Writer-director Iram Haq made me want to punch the screen on which I was watching her heartbreaking, frustrating film, What Will People Say. The story follows a Pakistani girl, Nisha (Maria Mozhdah), who's raised in Norway and who gets caught hanging out with a boy in her room, causing her parents to kidnap her to Pakistan to live with distant relatives. My anger was in direct response to the family’s casual cruelty but also to how quickly they assumed she was lying about her sexual experience (she had none), and to how deeply affirmed the family was that what they were doing — burning her passport, locking her up — was normal and good. The quiet psychological terror and the simple, blunt manner in which it was shown stole my breath.

Haq’s directorial style is reminiscent of Michael Winterbottom’s, particularly his Tess of the D’Urbervilles adaptation, Trishna, wherein a young Indian woman played by Freida Pinto endures a series of hardships until she is utterly hopeless. What Will People Say is ultimately more hopeful than Trishna but the two are no doubt cousins.
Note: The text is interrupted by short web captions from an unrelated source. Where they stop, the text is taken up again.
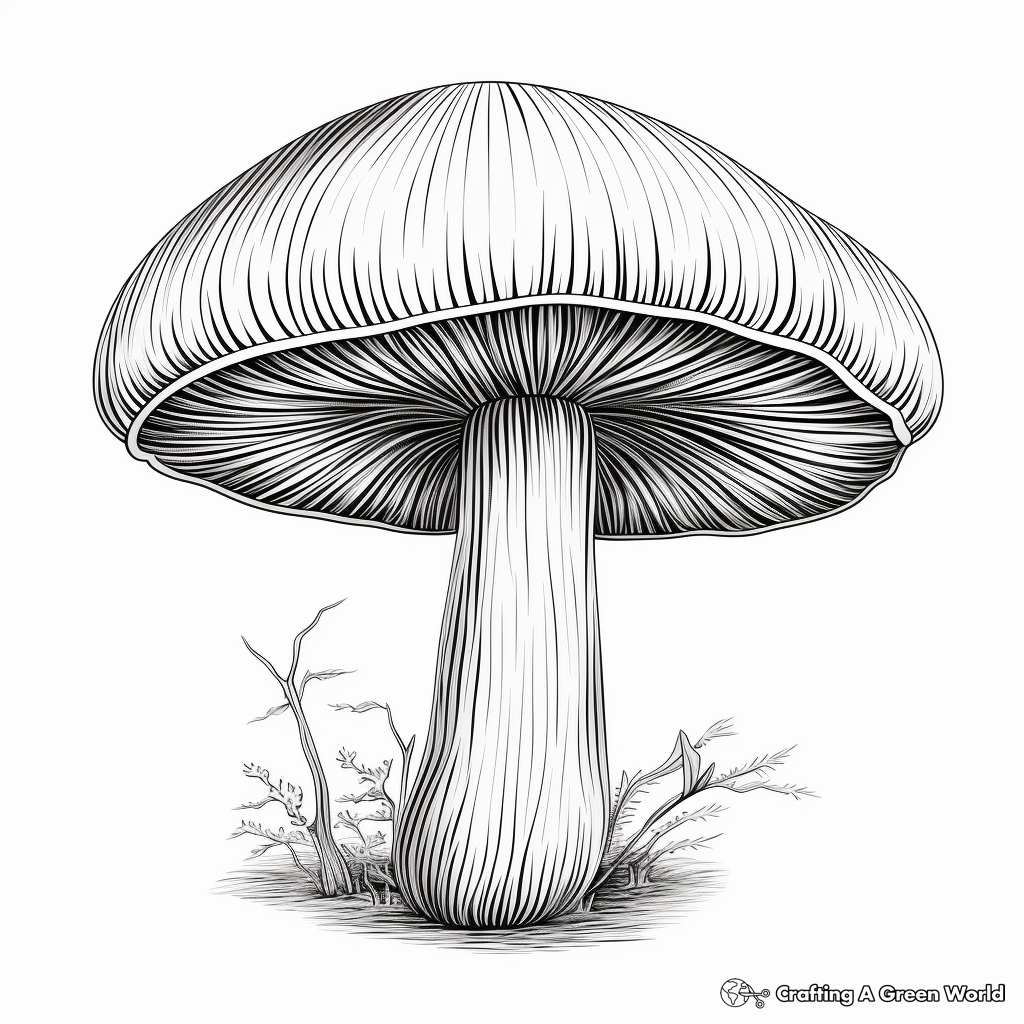Realistic Shiitake Mushroom Coloring Pages for Children 1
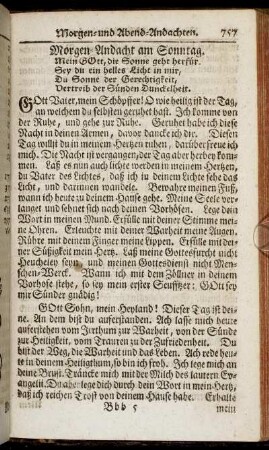Morgen-Andacht am Sonntag.
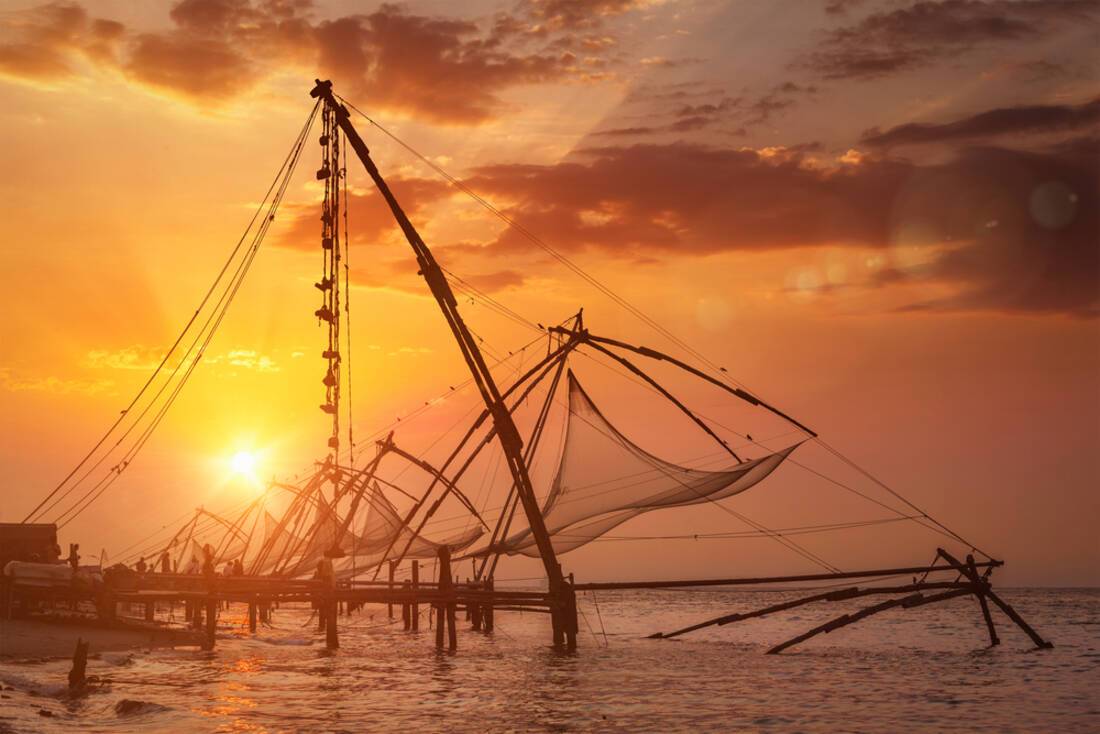 Kochi, India at sunset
And while Haq’s film does go quite dark at times, she shields us from the worst — a sexual assault — and offers an unbreakable heroine in Nisha.

Nisha doesn’t get a ton of dialogue and is often ordered into silence, so Haq has no choice but to tell the story visually. An intimate camera focused predominantly on faces and hands dominates the aesthetic, revealing the subtlest emotions. In one scene, just a quick shot of Nisha’s fingers shaping dough reveals her attraction to a boy who is watching her.

What is most unnerving throughout are Nisha’s interactions with the younger Pakistani girls who’ve yet to feel the full constriction of womanhood in deeply patriarchal communities. Nisha’s eyes denote she wants to tell them something, to warn them, but what would she say? This is just how things are, and to disclose that there is a life outside these norms seems akin to cursing them to unhappiness.

Despite the subject matter, Haq is most often quite tender in her storytelling. Nisha is loved. Her parents think they are saving her from a lifetime of pain and loneliness that they believe all Westerners endure. They’ve immigrated to Norway but have stubbornly stayed planted in their cultural bubble, where one can spend a week worrying about whether it was OK to have danced in the presence of men at a birthday party, and whether that will get them disinvited from weddings and the community at large. Haq’s portrayal of the endless insecurities of immigrants desperate to hold onto some piece of home and self in a foreign land is at once realistic yet also confounding.

It’s difficult to tell a story about the issues within immigrant communities without demonizing the entire community, and I’m not totally sure Haq succeeds on that front. (We should remember this sort of behavior is also present in white religious communities right here in the United States.) But being that the film is based upon the fictionalized account of the director’s own life, there is, in the end, a kind of benevolence granted to this family. This film, above all, seems an act of forgiveness.